Signed-off-by: yZhen <yZhen@fb.com>
Co-authored-by: yZhen <yZhen@fb.com>
---
 vllm/envs.py                           | 7 +++++++
 vllm/v1/executor/multiproc_executor.py | 6 +++++-
 2 files changed, 12 insertions(+), 1 deletion(-)

diff --git a/vllm/envs.py b/vllm/envs.py
index ffb630079a84..9d18a1389579 100644
--- a/vllm/envs.py
+++ b/vllm/envs.py
@@ -123,6 +123,7 @@ if TYPE_CHECKING:
     VLLM_MAX_TOKENS_PER_EXPERT_FP4_MOE: int = 163840
     VLLM_TOOL_PARSE_REGEX_TIMEOUT_SECONDS: int = 1
     VLLM_SLEEP_WHEN_IDLE: bool = False
+    VLLM_MQ_MAX_CHUNK_BYTES_MB: int = 16
 
 
 def get_default_cache_root():
@@ -847,6 +848,12 @@ environment_variables: dict[str, Callable[[], Any]] = {
     # latency penalty when a request eventually comes.
     "VLLM_SLEEP_WHEN_IDLE":
     lambda: bool(int(os.getenv("VLLM_SLEEP_WHEN_IDLE", "0"))),
+
+    # Control the max chunk bytes (in MB) for the rpc message queue.

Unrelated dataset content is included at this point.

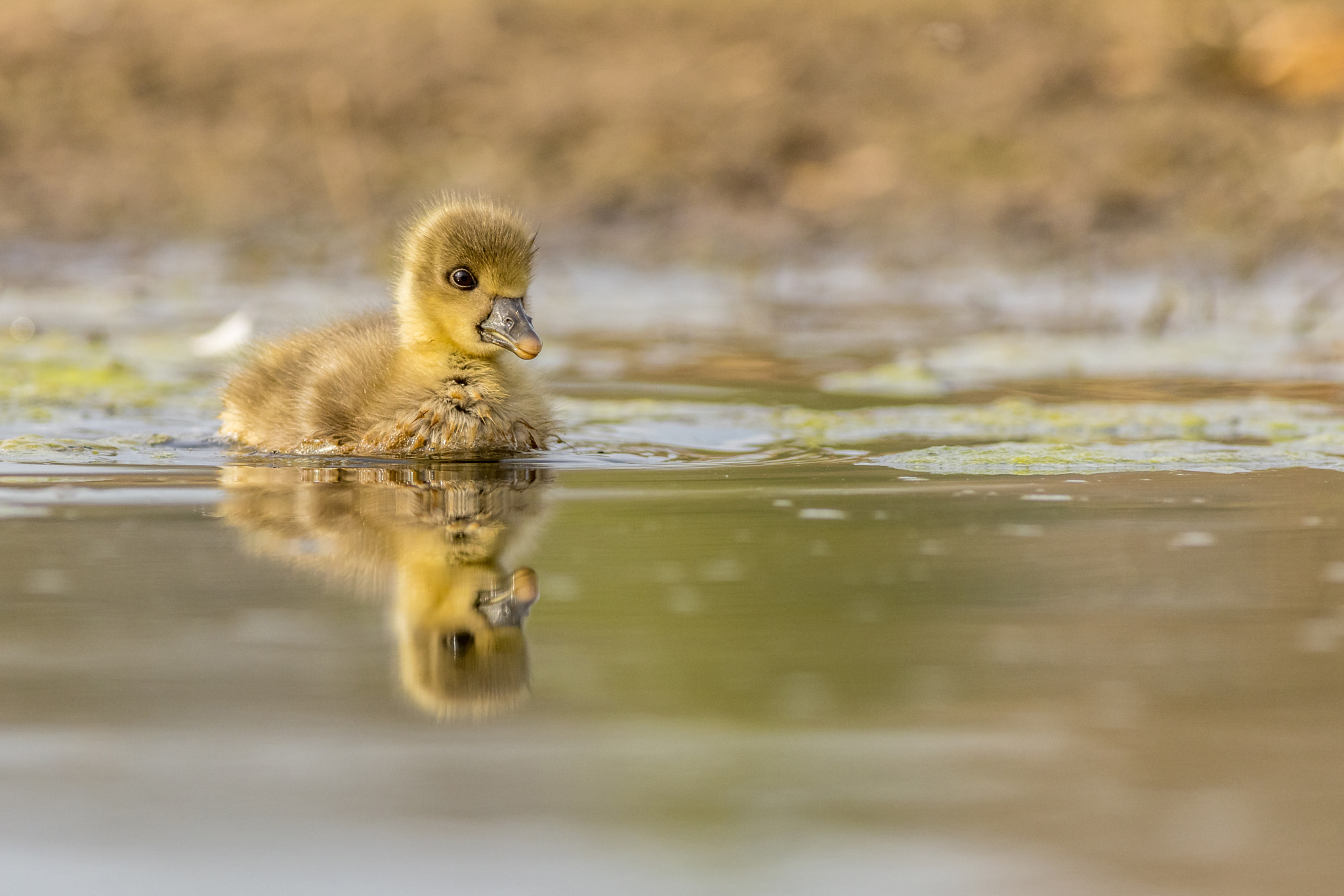 Greylag goose Chick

+    # Object larger than this threshold will be broadcast to worker
+    # processes via zmq.
+    "VLLM_MQ_MAX_CHUNK_BYTES_MB":
+    lambda: int(os.getenv("VLLM_MQ_MAX_CHUNK_BYTES_MB", "16")),
 }
 
 # --8<-- [end:env-vars-definition]
diff --git a/vllm/v1/executor/multiproc_executor.py b/vllm/v1/executor/multiproc_executor.py
index 0bd7383b5f0e..2148680d5f56 100644
--- a/vllm/v1/executor/multiproc_executor.py
+++ b/vllm/v1/executor/multiproc_executor.py
@@ -20,6 +20,7 @@ from typing import Any, Callable, Optional, Union, cast
 
 import cloudpickle
 
+import vllm.envs as envs
 from vllm.config import VllmConfig
 from vllm.distributed import (destroy_distributed_environment,
                               destroy_model_parallel)
@@ -72,7 +73,10 @@ class MultiprocExecutor(Executor):
 
         # Initialize worker and set up message queues for SchedulerOutputs
         # and ModelRunnerOutputs
-        self.rpc_broadcast_mq = MessageQueue(self.world_size, self.world_size)
+        max_chunk_bytes = envs.VLLM_MQ_MAX_CHUNK_BYTES_MB * 1024 * 1024
+        self.rpc_broadcast_mq = MessageQueue(self.world_size,
+                                             self.world_size,
+                                             max_chunk_bytes=max_chunk_bytes)
         scheduler_output_handle = self.rpc_broadcast_mq.export_handle()
 
         # Create workers